I. The Coming of World War II:

       A. Peacetime Dilemmas
       The Great Depression undermined the League of Nation’s policy of collective security,
while at the same time it led some nations, such as Japan, Nazi Germany, and Fascist Italy, to
seek the solution to their economic problems in territorial expansion and aggression. In the case
of Nazi Germany, a virulent racism also fed ideas of expansion.

       B. The Western Democratic Response
       Great Britain and France responded to the threat of aggression with the policy of
appeasement, which was meant to prevent war by conceding some of Hitler’s territorial demands.
The U.S., on the other hand, responded with the Neutrality Acts, which were meant not so much
to prevent war from occurring as to keep the U.S. out of it.

        C. War in Europe, 1939-1941
        Once war began in Europe in September 1939, Americans generally hoped that Great
Britain and France could deal with Germany alone, but the rapid Nazi victories in Poland and
France dispelled this illusion. Fearing a situation in which the U.S. might be left alone to
confront the aggressive Axis nations, from the Summer of 1940 Roosevelt promoted a policy of
“all aid short of war” to keep Great Britain in the war.

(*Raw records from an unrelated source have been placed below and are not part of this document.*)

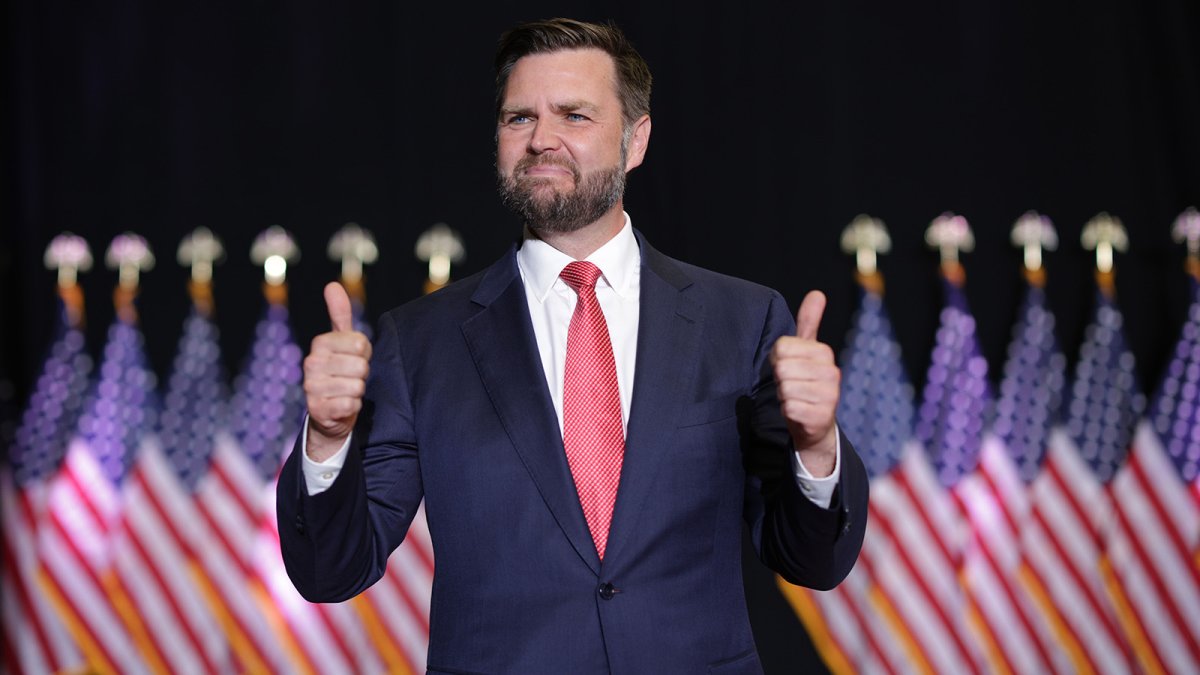 Трамп АҚШ президенттігіне өзінен кейінгі кандидат ретінде Вэнсті атады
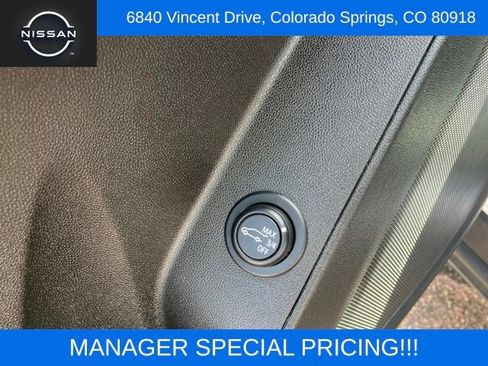Used 2024 Chevrolet Equinox LT FWD image 16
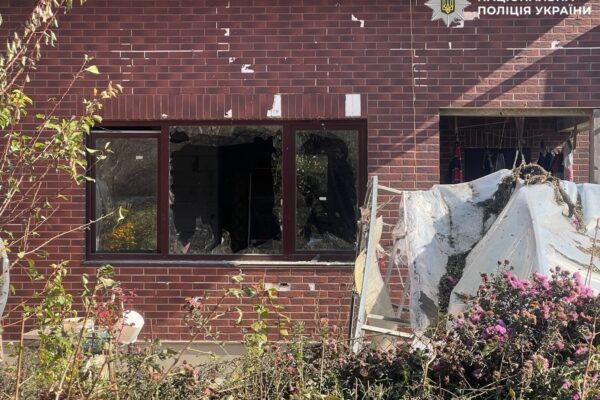Російська атака на Київщину: Пошкоджені приватні будинки та господарські споруди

By the Fall of 1941 the U.S. was in a
virtual undeclared naval war in the Atlantic with German submarines.

        D. War Comes to America
        With Roosevelt’s attention focused on Europe, the irony was that the U.S. entered the war
because of actions in Asia and the Pacific. Throughout the 1930's the U.S. had protested
Japanese aggression in Manchuria and China. By 1941 Roosevelt had turned to an economic
blockade and embargo on oil sales to halt Japanese expansion. This policy backfired, however,
as the Japanese determined to get oil by conquering the Dutch East Indies. Their attack on Pearl
Harbor was part of a plan temporarily to destroy American naval power in the Pacific in the hope
of fighting a stalemated war against the U.S., one which would result in a negotiated peace that
would allow Japan to keep its Asian conquests.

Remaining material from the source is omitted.